(AMD EPYC 9224+H100) Stuck in booting

Motherboard: gigabyte G493-ZB2 (G493-ZB2 (rev. AAP1) | GPU Servers - GIGABYTE Korea)
OS: Ubuntu 22.04 server
CPU: AMD EPYC 9224
RAM: 64G / SSD: 2T

Hi there,
I was trying to do confidential computing with H100.

But, based on the Confidential Computing Deployment Guide(https://docs.nvidia.com/confidential-computing-deployment-guide.pdf), I succssed until installing the Host OS (i.e., 5.19 snp-aware kernel).

But, I was stuck on the booting after installing the 5.19 kernel.

So, I was trting to figure out what’s problem in, and then found out that when I changed SMEE mode in BIOS back to ‘Auto’ (default value), it works.
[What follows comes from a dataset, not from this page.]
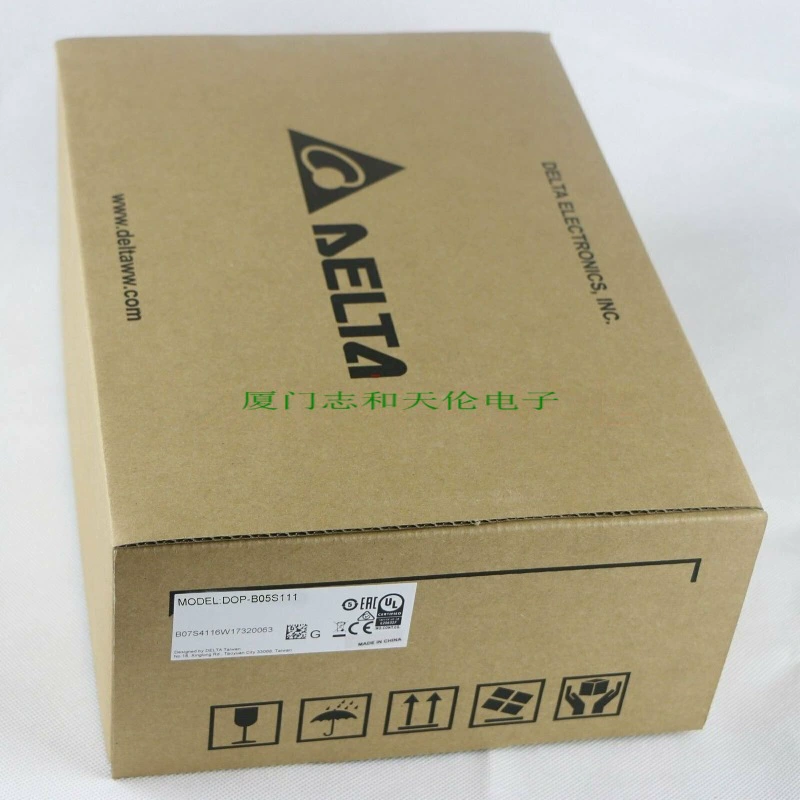 Delta dop-B05S111 HMI сенсорный экран Dopb05s111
My gigabyte BIOS has following options about SEV-SNP,

SMEE (default Auto)
SEV-ES ASID Space Limit (default 1)
SNP Memory Coveragy (default Auto)

IOMMU (default Enabled)
SEV-SNP support (default Auto)

How to fix it?
Thanks in advance.

stuck on screenshot

The log shows SEV-SNP: failed to INIT error 0x3.

Could you boot the VM without H100 using the BIOS configuration listed in the guide (turn to “on”)?

Hi @Yifan-Tan ,

This is the host machine, not VM.

In that case, you also say that removing H100 from the machine physically?

Oh, my mistake.

It is probably the issue of AMD SEV. Issues · AMDESE/AMDSEV · GitHub has plenty of similar issues for error 0x3.

I guess it is not the issue of H100. You could exclude H100’s problem by not installing (or uninstalling) nvidia driver on the host.

Per the Deployment Guide, we want to have these options configured specifically, not on “Auto” (as I see you have set):

  • SEV ASID Count → 509 ASIDs
  • SEV-ES ASID space Limit Control → Manual
  • SEV-ES ASID space limit → 100
  • SNP Memory Coverage → Enabled
  • SMEE → Enabled
  • SEV-SNP Support → Enabled
  • IOMMU → Enabled